For the purposes of short tournaments at your LGS, budget decks are perfectly usable. Over 3 or 4 rounds, inconsistent decks can have robust showings. However, be cautioned that lengthier tournaments are meant to weed out those that don’t consistently perform, and that means a well-tuned, perfect deck.
Note: Top tier combo decks are very delicately crafted. While you could steal wins with budget versions of most Modern decks in an FNM setting, it is more difficult with a combo deck where every single card is there for a reason. This is why you see budget Tron, Burn, Infect and Delver lists but not budget Bloom Titan lists.
As we all know, trading with fellow Magic players is your best bet a maintain your collection’s value. Trading with your friends can only go so far, but thankfully technology can help. Import your trade binder (and even your boxes of junk) into a service like Deckbox. Deckbox allows you to build a tradelist and wishlist and helps match you with people around the world to trade. You’ll assume your own shipping costs, but if you trade enough value, it’ll be well worth your while. It also allows you to understand the value of all cards in your collection. Some old cards you’ve held onto may even surprise you with how much they’ve climbed. You may be lucky and find people looking for specific versions of strange cards you might have overlooked.

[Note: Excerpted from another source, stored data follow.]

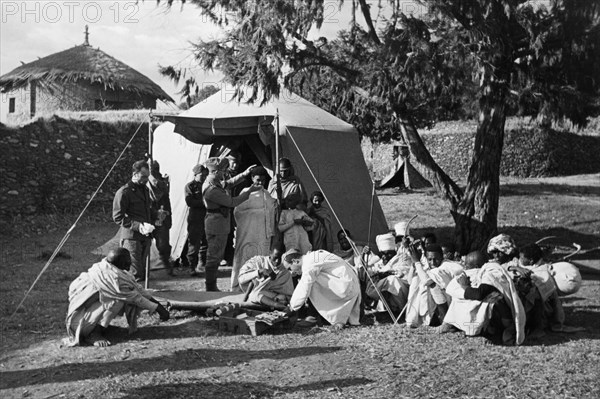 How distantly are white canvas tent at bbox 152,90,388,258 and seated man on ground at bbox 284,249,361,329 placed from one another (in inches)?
126

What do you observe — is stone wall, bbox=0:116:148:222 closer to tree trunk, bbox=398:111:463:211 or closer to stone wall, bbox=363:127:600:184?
tree trunk, bbox=398:111:463:211

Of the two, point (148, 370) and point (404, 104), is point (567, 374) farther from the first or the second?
point (404, 104)

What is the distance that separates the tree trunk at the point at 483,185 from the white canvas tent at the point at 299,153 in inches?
54.9

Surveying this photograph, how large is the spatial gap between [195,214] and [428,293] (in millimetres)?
3764

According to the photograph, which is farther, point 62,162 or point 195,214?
point 62,162

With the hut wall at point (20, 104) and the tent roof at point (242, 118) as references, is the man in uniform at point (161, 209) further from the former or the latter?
the hut wall at point (20, 104)

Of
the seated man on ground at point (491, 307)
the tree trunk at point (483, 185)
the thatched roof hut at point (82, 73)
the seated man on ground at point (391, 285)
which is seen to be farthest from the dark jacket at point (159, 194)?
the thatched roof hut at point (82, 73)

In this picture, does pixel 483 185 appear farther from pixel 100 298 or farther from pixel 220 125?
pixel 100 298

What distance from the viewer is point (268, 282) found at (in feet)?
20.5

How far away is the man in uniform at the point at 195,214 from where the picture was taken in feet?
28.1

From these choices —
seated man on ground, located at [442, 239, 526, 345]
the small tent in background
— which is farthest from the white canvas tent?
the small tent in background

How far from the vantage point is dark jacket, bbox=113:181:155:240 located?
272 inches

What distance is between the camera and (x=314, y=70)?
10352 millimetres

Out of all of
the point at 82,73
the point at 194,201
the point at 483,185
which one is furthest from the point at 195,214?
the point at 82,73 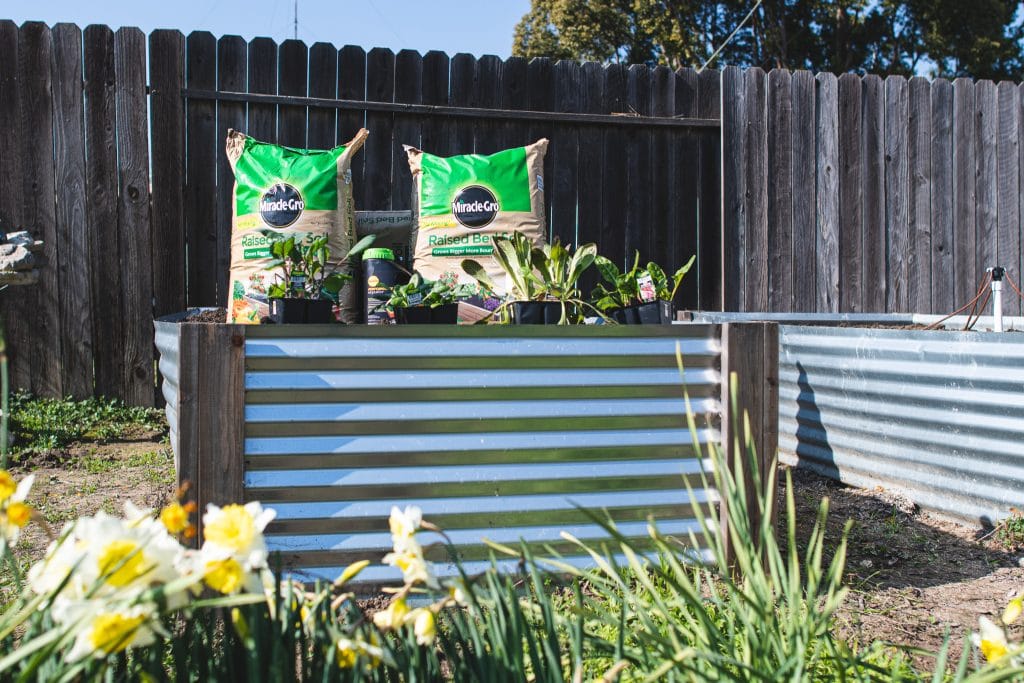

In addition, it pays to trade out of volatile formats while it’s good. Most cards in Standard will be worth less come rotation. Why not trade them as soon as you can? You wouldn’t hold stocks for a company you know will tank, why should you do differently with Magic cards?
Playing competitive Magic is expensive, but it doesn’t need to be as expensive as you think. Avoiding some of the hidden costs and common pitfalls will help you save money in the long run. Every dollar counts along the way.